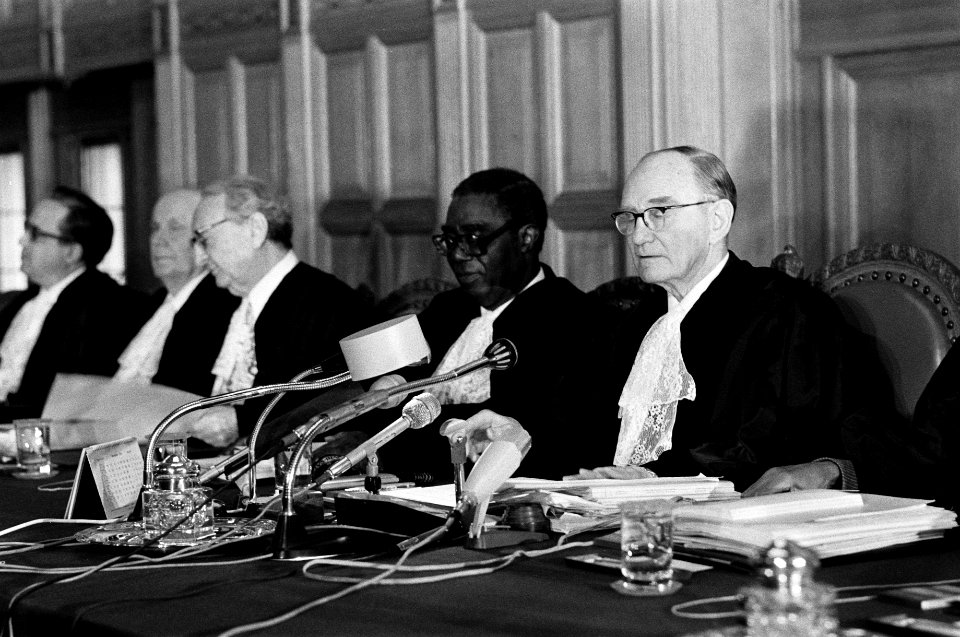 De president van het Gerechtshof Sir Humphrey Waldock (r), naast hem de vice-pre, Bestanddeelnr 930-5783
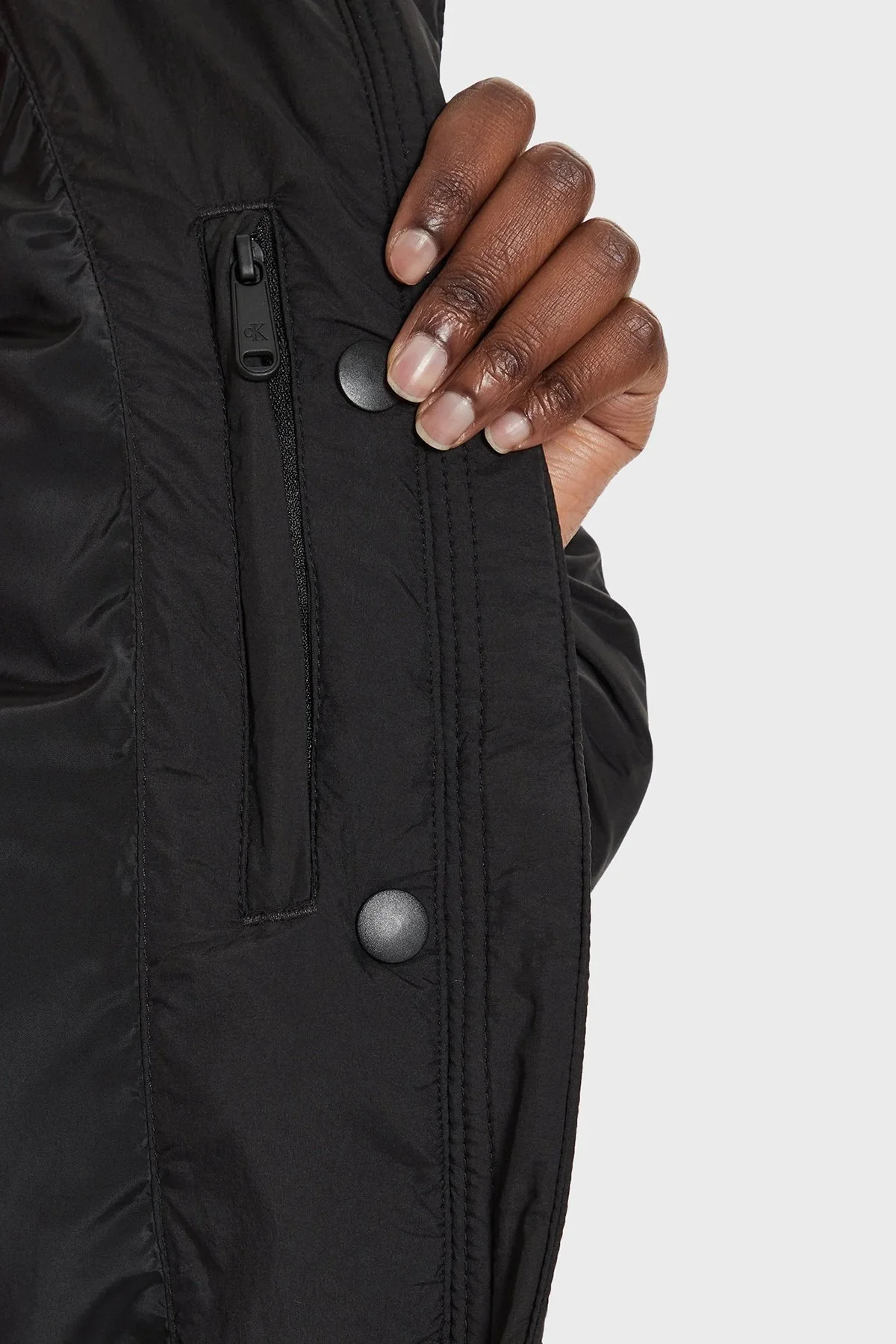 Calvin Klein Comfort Fit Kapüşonlu Kapitone J20J224112BEH Bayan Mont J20J224112 BEH SİYAH - 6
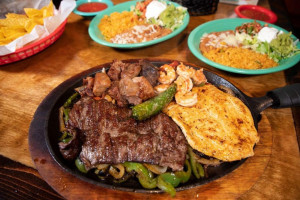 Peppers Mexican Grill and Cantina food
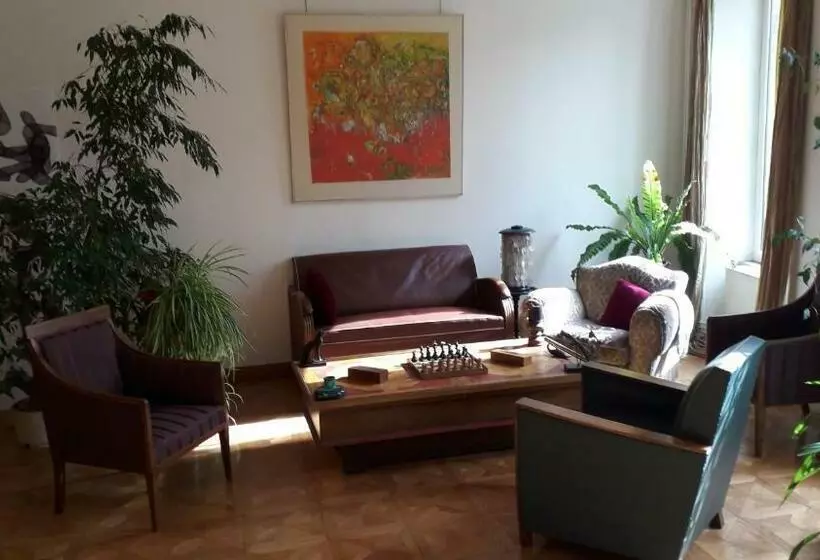 Aamiaismajoitus (B&B) L Ancienne Comédie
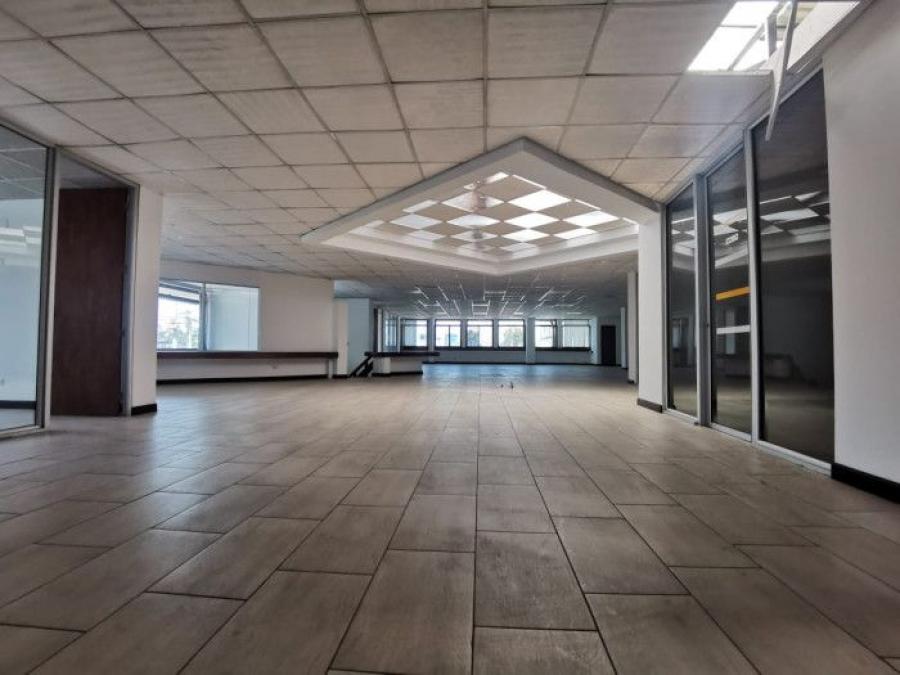 Foto Edificio en Renta en Zona 14, Guatemala - U$D 10.500 - EDR34701 - BienesOnLine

### TRY IT
Write out the records above once more, word for word, with no pictures.

### ANSWER TO THIS PROBLEM
 De president van het Gerechtshof Sir Humphrey Waldock (r), naast hem de vice-pre, Bestanddeelnr 930-5783
 Calvin Klein Comfort Fit Kapüşonlu Kapitone J20J224112BEH Bayan Mont J20J224112 BEH SİYAH - 6
 Peppers Mexican Grill and Cantina food
 Aamiaismajoitus (B&B) L Ancienne Comédie
 Foto Edificio en Renta en Zona 14, Guatemala - U$D 10.500 - EDR34701 - BienesOnLine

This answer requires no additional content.